((

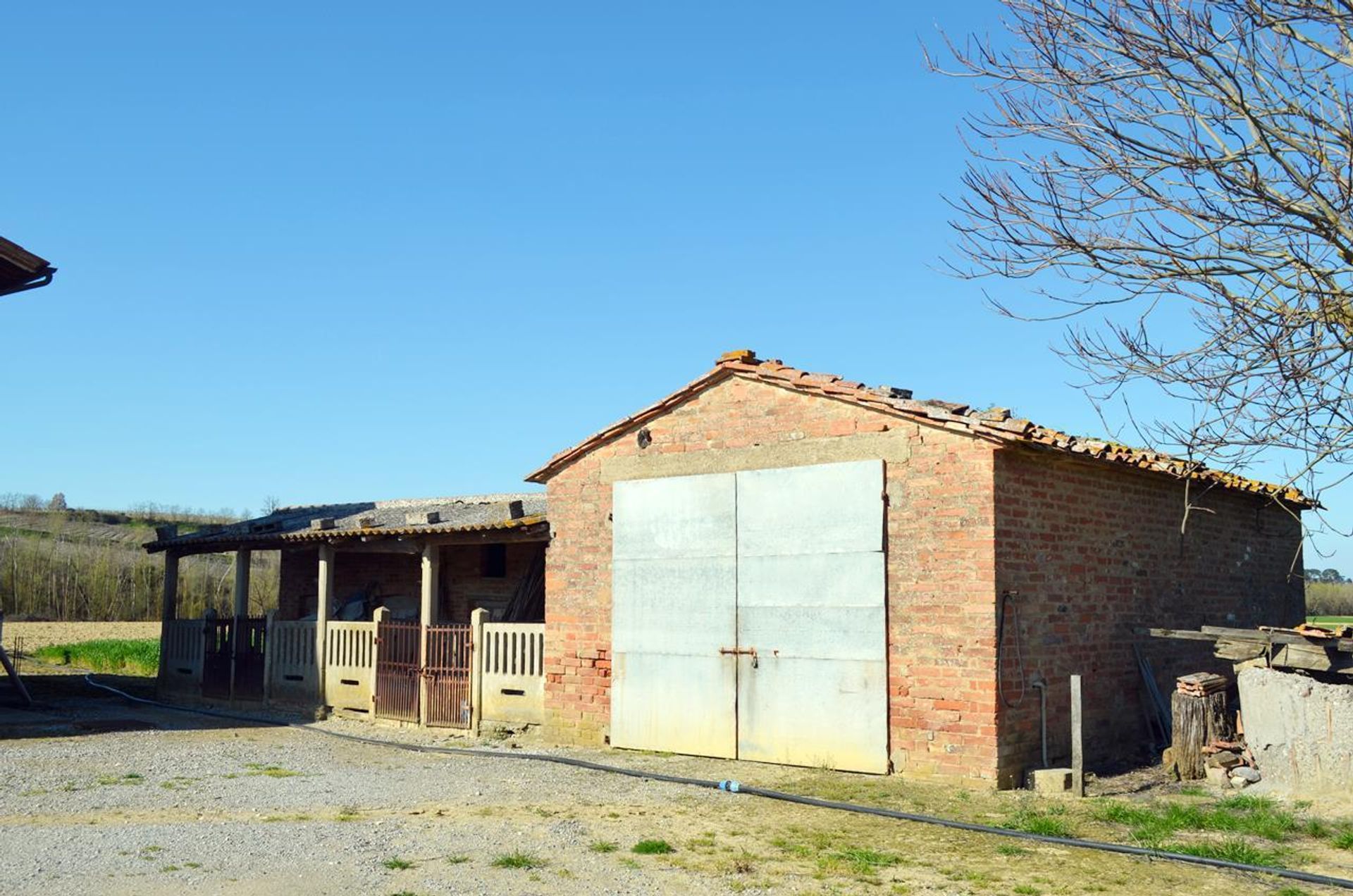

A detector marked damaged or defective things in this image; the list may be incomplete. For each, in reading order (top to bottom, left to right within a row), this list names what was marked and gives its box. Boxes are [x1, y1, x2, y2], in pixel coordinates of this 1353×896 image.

rusted gate [200, 617, 233, 704]
rusted gate [233, 617, 266, 704]
rusted gate [373, 625, 419, 725]
rusted gate [430, 625, 478, 730]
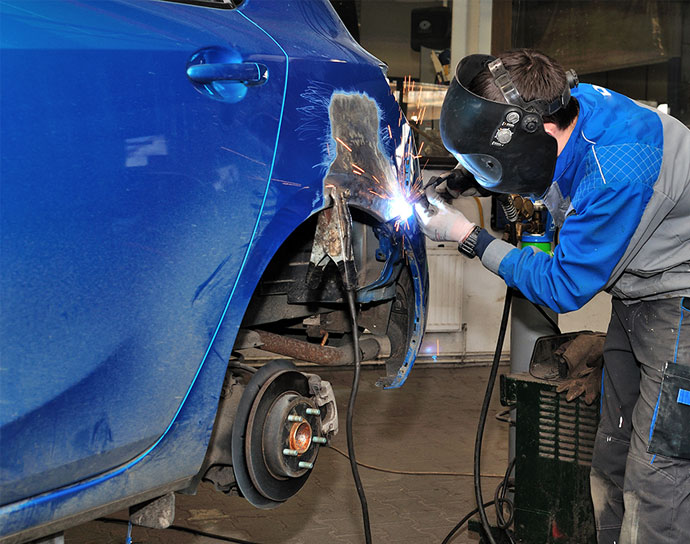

))

§ EXERCISE INSTRUCTIONS
Restate each entry word for word. Omit every picture.

§ RESPONSE
A detector marked damaged or defective things in this image; the list may be incomplete. For each, in reading order (top to bottom, left to right within a row), this list names what was marked and gives its box. Boxes are [x1, y1, x2, y2], in pixel coordinates of this 1353×896 image.

rusted gate [200, 617, 233, 704]
rusted gate [233, 617, 266, 704]
rusted gate [373, 625, 419, 725]
rusted gate [430, 625, 478, 730]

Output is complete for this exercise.